Antik çağlardan 6. Yüzyılın ikinci yarısına kadar boyunlarını açıkta bırakmakta bir sakınca görmeyen erkekler, Rönesansla birlikte boynu çevreleyen yakaları keşfetmeye başladı. Bu yakalar 17. yüzyılda dantallerle renklendi ve modelleri çeşitlenmeye başladı.
1974 yılında, MÖ 3. yüzyılda yaşamış olan Çin İmparatoru Ch’in Shih Huang-ti’nin mezarı açıldığında moda tarihini de gözden geçirme gereği doğdu.
Huang-ti’nin mezarı çevresinde gerçek insan boyutlarında 7 bin 500 asker heykeli figürü bulunuyordu. İmparator dahil, her askerin taşıdığı bu aksesuar, akla sorular getirdi.

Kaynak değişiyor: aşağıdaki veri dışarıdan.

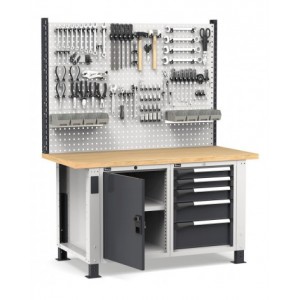 Banco professionale regolabile con parete, 5 cassetti e porta, 150 cm, grigio e antracite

Aynı dönemde Romalılar’ında özellikle soğuk mevsimlerde sefere çıktıkları zaman benzer bir yolla boyunlarını kapattıkları bilgisi de eklenince boyun bağının tarihçesi de sarsıldı.
İlk bakışta görünen, boyunlara takılan atkıların soğuğa karşı alınmış bir önlem olduğu idi; ancak Çin Kültürü’ndeki bir inanış, bu basit açıklamayı da havada bırakmış oldu. Çin kültüründe ademcik kemiği bedenin önemli merkezlerinden biri olarak kabul ediliyor ve yaşam enerjisinin çıkış noktası olarak görülüyordu.
Çinli askerlerin boyunlarına taktıkları eşarpların, ademcik kemiğini korumak amacı güdüp gütmedikleri sorusu, beraberinde bu aksesuarın dinsel ve kültürel bir temeli olabileceği ihtimalini de gündeme getirdi.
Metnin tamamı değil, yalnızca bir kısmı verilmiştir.